Do you suffer from Loss Aversion bias?
Losses pinch us harder than gains. Whether it is a loss of a friend or losses in investing, losses tend to have larger control over our lives.
We may like to think that we make sound decisions, especially when it comes to investment, but it is far from the truth. We give undue importance on the losses relative to the gains. Most investors are more risk-averse than necessary. As a result, investment decisions are flawed. In behavioural finance, this scenario is called the loss aversion bias.
However, it should be noted that loss aversion bias does not signify total risk aversion. A certain degree of risk aversion is good for the portfolio and your overall financial well being.
One example of loss aversion bias that is widely prevalent in the Indian context is the love for fixed deposits. As fixed deposits give a certain fixed interest rate over a course of time, it is widely accepted by individuals. However, fixed deposits may not be an ideal option as it is not tax-efficient and fails to generate higher real returns. Real returns are the returns given by the investment option above the current inflation rate.
While there are other options that give higher returns and are tax-efficient, individuals still prefer to fixed deposits as they don’t want to take risk. This is a classic case of loss aversion. Due to loss aversion bias, people miss out on the higher returns.

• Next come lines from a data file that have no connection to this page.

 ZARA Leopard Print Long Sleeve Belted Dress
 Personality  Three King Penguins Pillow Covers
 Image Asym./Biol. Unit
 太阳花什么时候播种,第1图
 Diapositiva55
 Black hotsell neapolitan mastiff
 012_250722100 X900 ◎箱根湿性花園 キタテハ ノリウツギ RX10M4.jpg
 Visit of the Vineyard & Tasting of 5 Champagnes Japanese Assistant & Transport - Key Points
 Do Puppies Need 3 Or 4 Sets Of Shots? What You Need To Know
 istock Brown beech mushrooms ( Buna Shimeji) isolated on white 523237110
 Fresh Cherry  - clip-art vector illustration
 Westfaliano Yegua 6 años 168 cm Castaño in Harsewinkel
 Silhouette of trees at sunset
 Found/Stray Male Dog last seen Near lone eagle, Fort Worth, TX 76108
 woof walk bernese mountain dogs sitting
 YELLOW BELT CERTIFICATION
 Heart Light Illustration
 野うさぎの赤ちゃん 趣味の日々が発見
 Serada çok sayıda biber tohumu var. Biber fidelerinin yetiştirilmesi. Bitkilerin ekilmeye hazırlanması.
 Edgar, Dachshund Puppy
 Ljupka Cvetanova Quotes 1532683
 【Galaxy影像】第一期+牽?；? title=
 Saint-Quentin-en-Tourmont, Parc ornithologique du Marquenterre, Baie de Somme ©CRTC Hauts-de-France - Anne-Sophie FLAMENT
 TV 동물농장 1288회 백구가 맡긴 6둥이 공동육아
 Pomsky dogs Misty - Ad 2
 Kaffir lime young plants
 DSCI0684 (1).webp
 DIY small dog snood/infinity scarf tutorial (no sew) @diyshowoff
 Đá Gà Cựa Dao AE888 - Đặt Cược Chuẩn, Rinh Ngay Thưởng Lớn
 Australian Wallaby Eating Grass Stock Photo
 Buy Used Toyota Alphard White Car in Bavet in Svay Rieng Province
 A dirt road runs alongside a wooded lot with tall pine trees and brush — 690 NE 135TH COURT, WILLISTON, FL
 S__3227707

What leads to loss aversion bias?
The psychological impact associated with profits and losses is the primary cause of loss aversion bias. Losing money is twice as much painful than the pleasure of gaining money. To avoid this pain, investors turn risk-averse.
Effects of Loss Aversion bias
Loss Aversion Bias has a large impact on the investment decisions taken by the individual.
Loss Aversion Bias does not let the investor seek out better investment options. It makes an investor stagnant. They resist any change in their portfolio and want it to remain as it was. As a result, they miss out the opportunity to earn higher returns. To them, gaining more is less significant than losing.
Another effect of loss aversion bias is to hold on to their investments for way too long. Such investors hope to average out their costs and have a hard time letting go of their losing stocks. They hold to the stocks to avoid the feeling of loss. However, holding on to these stocks can result in higher losses. Therefore, we see that loss aversion either land up in stagnancy or contribute to more losses.
How to overcome loss aversion bias?
It is difficult to get rid of loss aversion bias as it is deep-rooted in the mind. We are trained to handle losses and gains negatively and losses invoke a negative response. Loss aversion bias can be handled by looking at a scenario in a more objective manner. One should make conscious attempts tosee losses and gains in equal light, without giving undue importance to losses.
It is also important to weigh the losses and gains with respect to their age, investment horizon and financial goals etc.
You think that you are suffering from loss aversion bias, your financial advisor will be able to check and help you on the same.